部屋の清掃や予約管理は民泊運営代行会社が担うので、オーナーには負担がかかりません。つまり、空き部屋が発生している間、オーナーはその部屋を民泊に提供することで別の形でお金を稼ぐことができるわけです。

個人で不動産経営をしている方には、この仕組みのうまみはよく理解できるのはないでしょうか。

不動産オーナーにとっては賃貸契約が解除されると、次の契約者が見つかるまで、せっかくの物件が平均して半年ぐらいは空き物件になってしまいます。

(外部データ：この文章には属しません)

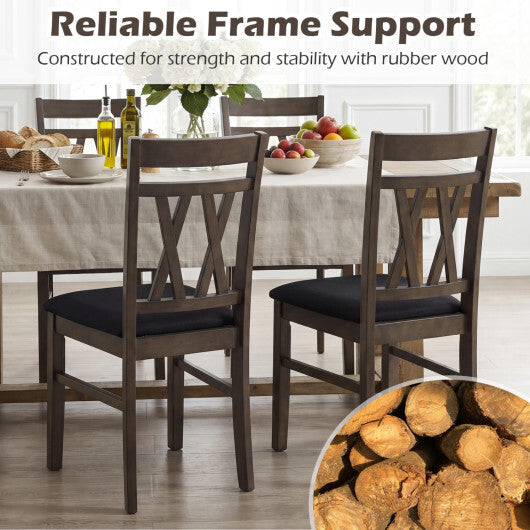 Set of 2 Modern Linen Style Upholstered Kitchen Chairs-Gray W2B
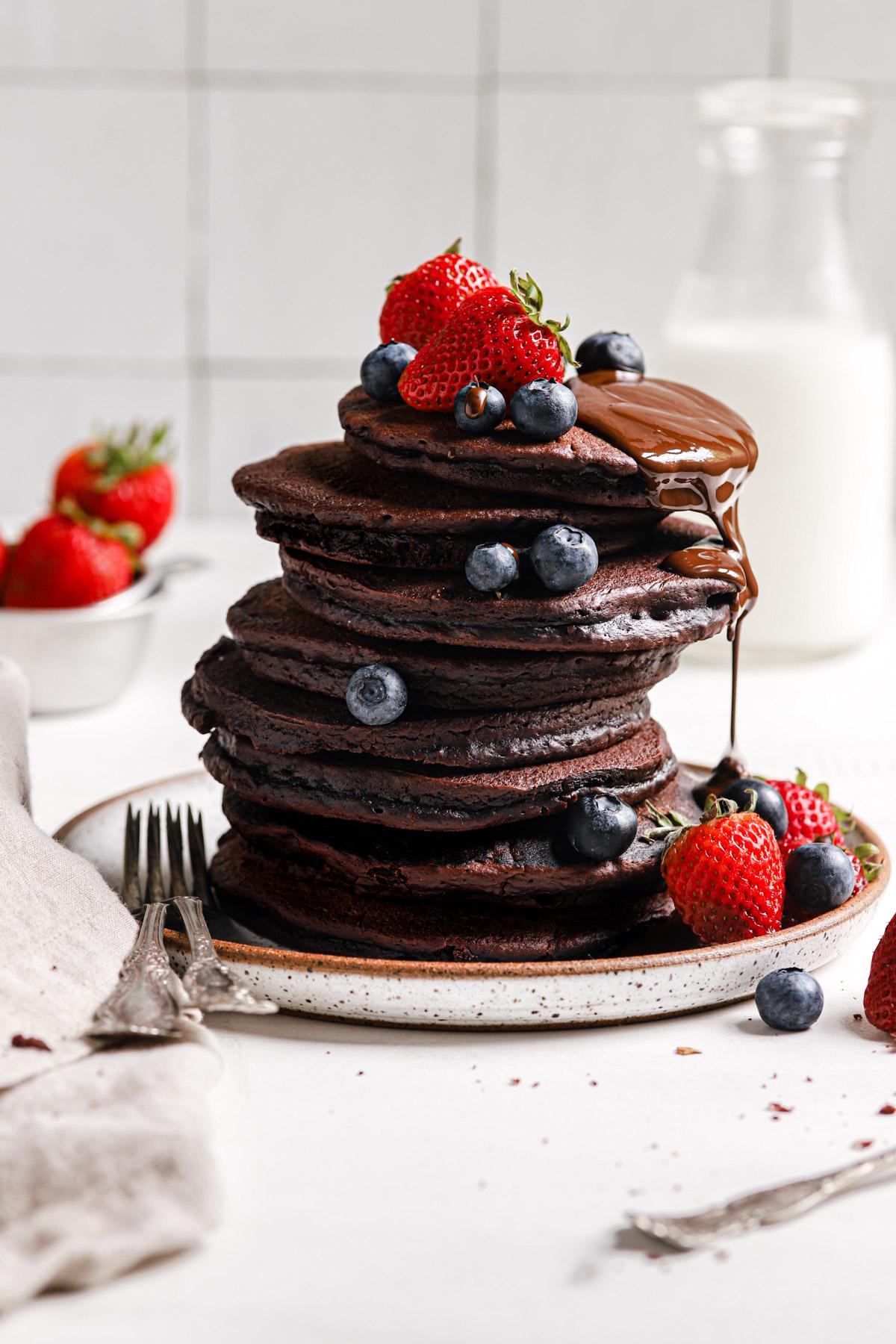 Chocolate Pancakes (With A Secret Ingredient) | Bigger Bolder Baking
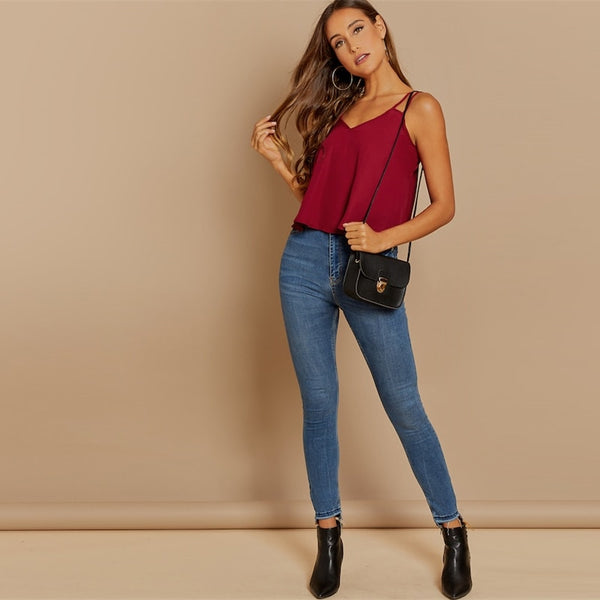 Burgundy Backless Solid Double Strap Cami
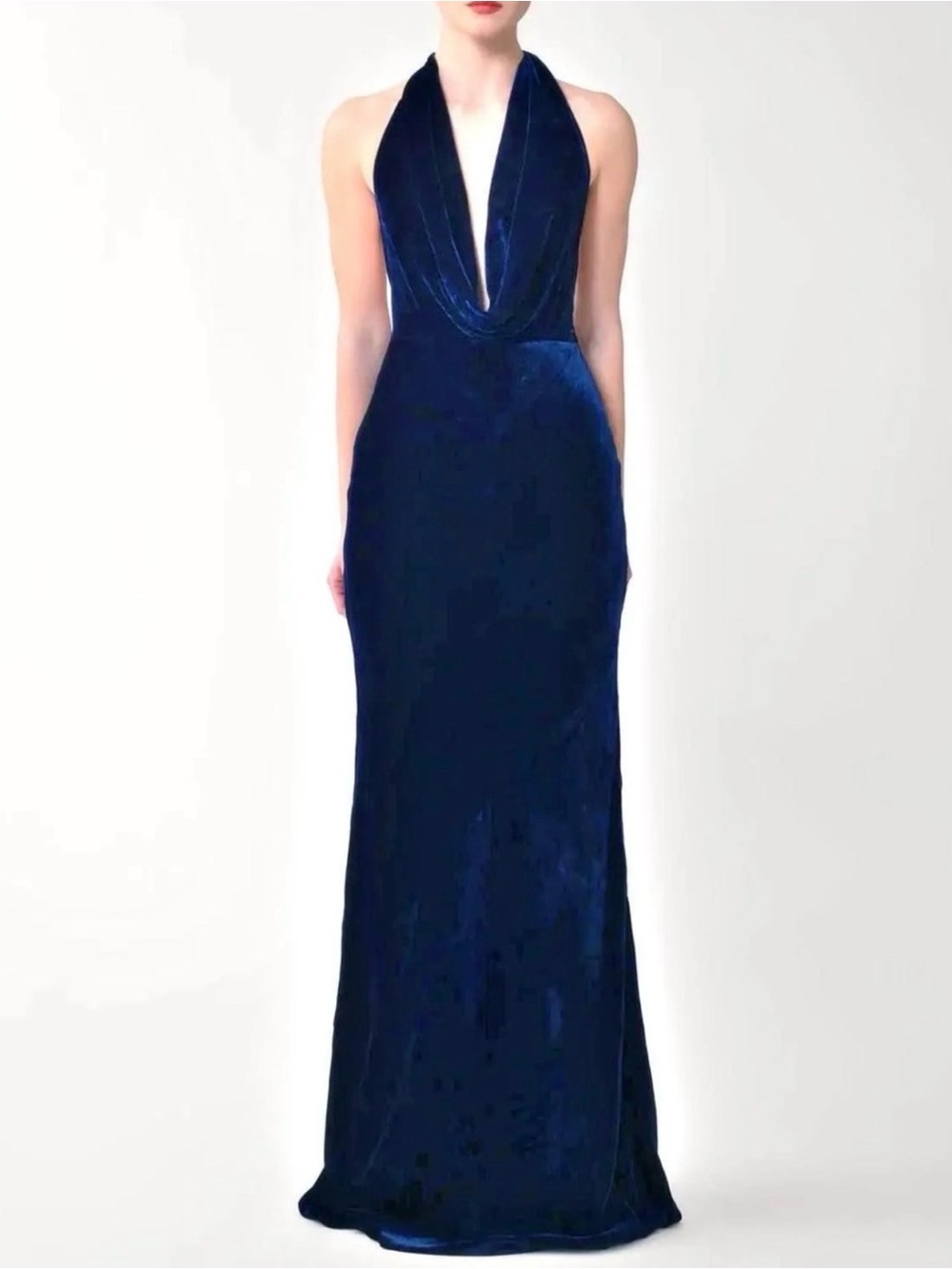 Sau Lee Pearl Midnight Navy Blue Velvet Halter Evening Gown Dress NEW NWT US 10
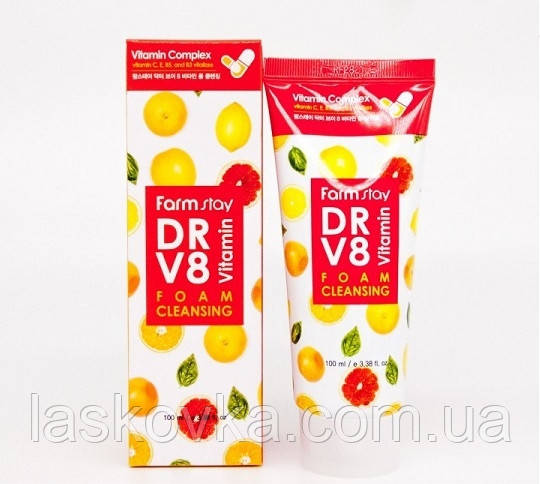 Вітамінна очисна пінка FarmStay DR.V8 Vitamin Foam Cleansing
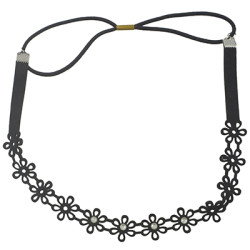 F-0466 New Fashion Black Pu Leather Hollow Out Flower Hairband women Accessory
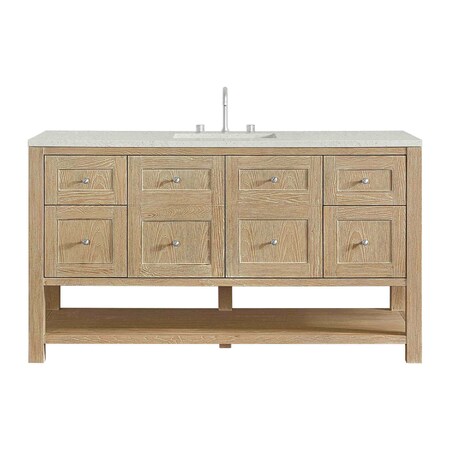 James Martin Vanities Breckenridge 60 in. Single Vanity, Whitewashed Oak, w/ 3 CM Lime Delight Quartz Top 330-V60S-WWO-3LDL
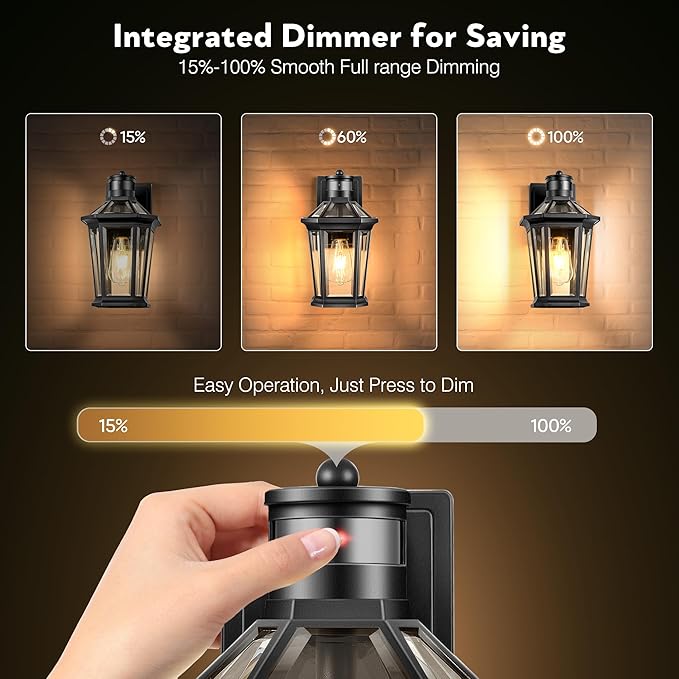 VIANIS Motion Sensor Outdoor Lighting, Outdoor Wall Lights Wall Mount with Clear Glass, Black Dusk to Dawn Garage Light Sconce, Waterproof Exterior Lights for House, Brightness Distance Adjustable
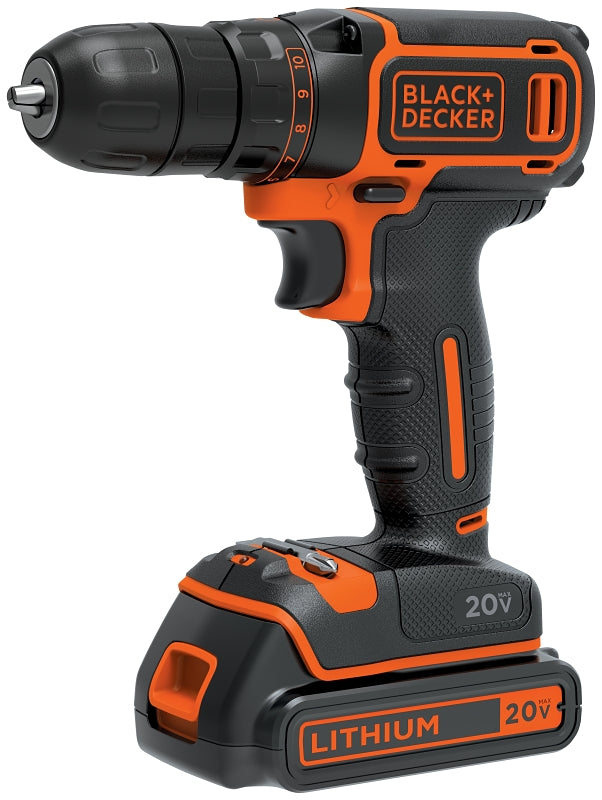 BLACK & DECKER Black+Decker BDCDD120C Drill/Driver, Battery Included, 20 V, 1.5 Ah, 3/8 in Chuck, Keyless Chuck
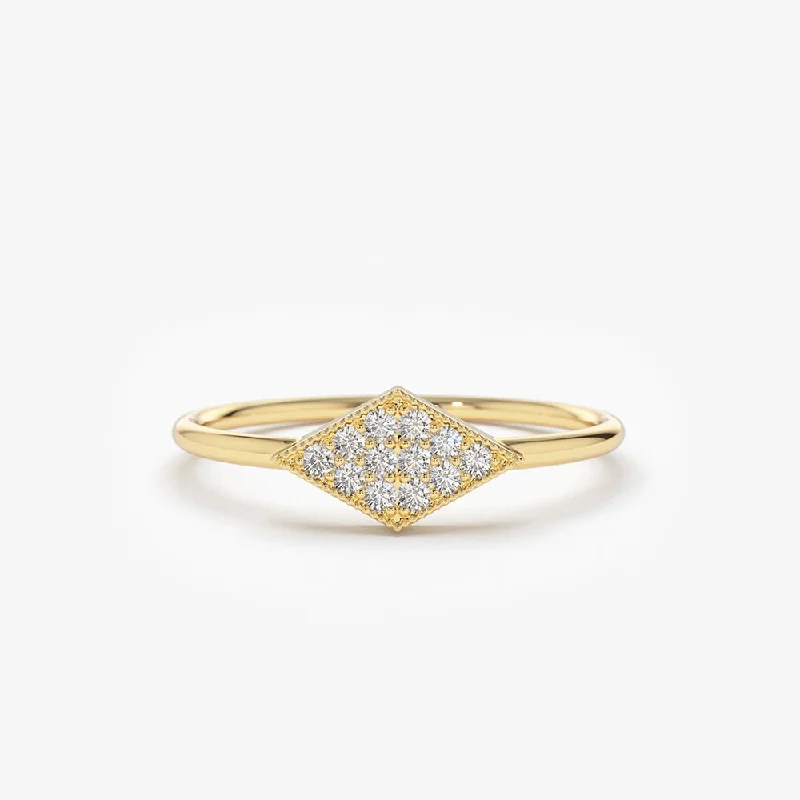 14K Gold Diamond Shape Micro Pave Ring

その間、民泊で少しでもお金が入るのであれば、不動産オーナーにとってはとても助かることなのです。

不動産オーナーには恩恵が大きい

この仕組みがよくできているのは、それだけではありません。不動産オーナーにとって空き物件を民泊に提供するのは良いアイデアでも、実行するためにはいろいろと大変なことがあります。

そもそもベッドやテーブル、食器やタオル、テレビやインターネットなど民泊に必要な品々を空き部屋にセットするのは大変な負担です。購入費用がかかりますし、それでいて新たな賃借人が決まれば、民泊用の備品を撤去しなければなりません。

しかし、SUUMOを介せば、そういったリスクを回避できます。住宅情報サイトであるSUUMOには、毎日コンスタントに新しい空き部屋情報が入ってきます。家財道具一式をレンタルにして、賃借人が部屋から新しく空き部屋になった民泊用の部屋にどんどん移していけばいいのです。

楽天が選んだ“興味深い経営判断”

一方、楽天は不動産情報サイトのLIFULL(ライフル)と共同出資した新会社・楽天ライフルステイが民泊事業を運営します。ビジネスチャンスとしてはリクルートと同じ線が狙えることになりますが、楽天は興味深い経営判断をしています。

民泊情報をエアビーではなく、楽天トラベルに掲載するという点です。この方針はプロの目から見ると微妙な経営判断に見えます。民泊事業については、旅館やホテルなどの事業者がものすごく敵対視しているからです。

楽天ライフルステイのプレスリリースに書いてある「国内ユーザーは、『楽天トラベル』を通じて、日本のホテルや旅館、ビジネスホテル、ホステルだけでなく、民泊施設も選択肢の一つとして比較検討し、選ぶことができるようになります」という一文は、間違いなくホテル業界からの大反発を受けるはずです。

これは想像ですが、リクルートの旅行情報サイト「じゃらん」が民泊ビジネスに一切タッチしていないのは、こうした“大人の事情”をよく理解しているからでしょう。宿泊業界からそっぽを向かれたほうが失うものは大きいため、いくら民泊がブームでも、そちらに目を向けることはしないのです。

リクルートが楽天と別の道を選べた理由

そしてリクルートの場合、事業会社を分社化していることがここで役に立ちます。あくまで想像の域を出ませんが、じゃらんを運営するリクルートライフスタイルに対して、SUUMOを運営するリクルート住まいカンパニーは「君の会社はぜったい民泊に参入しないよね。だったらウチがやるからね」と、いとも簡単に宣言できるわけです。

当然、リクルートライフスタイルは持株会社であるリクルートHDの社長に「宿泊業界全体のために、なんとかアレを止めさせてくれないか」と嘆願するでしょう。しかし、「住まいカンパニーは不動産業界のために存在しているのだから、仕方ないだろう」と言われれば、それまでです。

そうなると、じゃらんとしては「海外からの顧客をホテルや旅館に送るために、もっとがんばる。一緒に住まいカンパニーの民泊に対抗していこう」とならざるを得なくなり、最終的にはじゃらんと宿泊業界は今まで以上に結束することになります。

その結果、宿泊業界から見れば「じゃらんはパートナー」「楽天トラベルは敵」という図式ができ上がります。そして、「今回の楽天の経営判断は本当に正しかったのか」という話になってしまうのです。

民泊バトルで不利な出方をしてしまった楽天トラベルと、有利なスタートを切ったリクルート。それぞれの先行きに注目したいと思います。